This claim fails because the record reveals the trial court heard and considered Dennis’s testimony before entering its order. In re Marriage of Damico, supra, 7 Cal.4th at p. 685, the case relied upon by Dennis, held that a custodial parent who actively conceals him or herself and the child from the noncustodial parent until the child reaches the age of majority, despite reasonably diligent efforts by the noncustodial parent to locate them, is estopped from later collecting child support arrearage for the time of the concealment. The trial court’s questioning of Dennis reveals it either disbelieved Dennis’s assertion that he did not know Sharon’s whereabouts, or that the trial court found Dennis failed to make reasonably diligent efforts to locate her. Similarly, the trial court reasonably could conclude Sharon’s alleged statement to Dennis that Sharon did not want Dennis involved in her life did not constitute a relinquishment of her right to support for their child.
In sum, the record reveals the trial court heard Dennis’s testimony, considered his defenses and rejected them. No abuse of discretion or denial of due process appears.
3. The trial court properly could rely on Dennis’s income tax returns to demonstrate his ability to pay.
Dennis contends the trial court abused its discretion in finding he had the ability to pay the arrearage without considering his expenses. Dennis asserts the trial court relied exclusively on the representation of Sharon’s counsel of Dennis’s gross income based on his tax returns.
This claim fails. The trial court ordered Dennis to produce recent pay stubs and to file an income and expense declaration. Dennis did neither. Dennis cannot now complain that the trial court improperly relied on Dennis’s tax returns, the only information Dennis was willing to provide. Moreover, the record reveals the trial court ordered monthly payments in an amount that was less than the amount that would have been ordered for the support of a child. No abuse of discretion appears.
4. The defense of laches is unavailable in a child support case.
Dennis contends the arrearage is barred under the doctrine of laches. He concedes this claim runs afoul of Family Code section 291, as it was construed in In re Marriage of Fellows (2006) 39 Cal.4th 179. Dennis nonetheless claims this case is distinguishable because Sharon actively concealed the child and then waited more than a decade after the child reached majority to seek payment of the arrearage.
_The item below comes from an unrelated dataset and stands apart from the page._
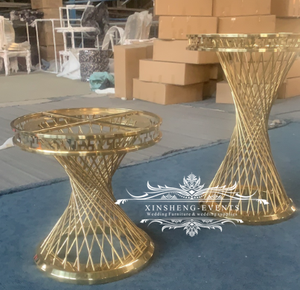 Événements de mariage en acier inoxydable rond <span class=keywords><strong>verre</strong></span> or métal fleur stand gâteau table - Product Image 6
Dennis argues the order unjustly enriched Sharon after Sharon concealed the child. Dennis concludes no harm would result in this case if section 291 was not enforced.
Subsequent unspecified statutory references are to the Family Code.
As Dennis concedes, section 4502, enacted in 2002, eliminated the defense of laches with respect to the enforcement of child support arrearage. In re Marriage of Fellows held the statute applied retrospectively to cases, like this one, that arose prior to enactment of section 4502. We are constrained to follow In re Marriage of Fellows. (Auto Equity Sales, Inc. v. Superior Court (1962) 57 Cal.2d 450, 455.)
6. Attorney fees and costs for prosecuting a frivolous appeal.
Sharon claims the appeal is frivolous and merits an award of costs and attorney fees according to proof.
The Supreme Court has stated that “an appeal should be held to be frivolous only when it is prosecuted for an improper motive – to harass the respondent or delay the effect of an adverse judgment – or when it indisputably has no merit – when any reasonable attorney would agree that the appeal is totally and completely without merit.” (In re Marriage of Flaherty (1982) 31 Cal.3d 637, 650.)
Alternatively, attorney’s fees and costs may be awarded under section 271 where the conduct of a party “frustrates the policy of the law in favor of settlement, and increases the cost of litigation.” (In re Marriage of Abrams (2003) 105 Cal.App.4th 979, 990-991; § 271, subd. (a).)
Neither standard has been met here. Consequently, we decline to find Dennis’s appeal frivolous but order Dennis to bear the usual costs on appeal.
DISPOSITION
The order determining child support arrearage is affirmed. Sharon is awarded costs on appeal.
We concur: KITCHING, J., ALDRICH, J.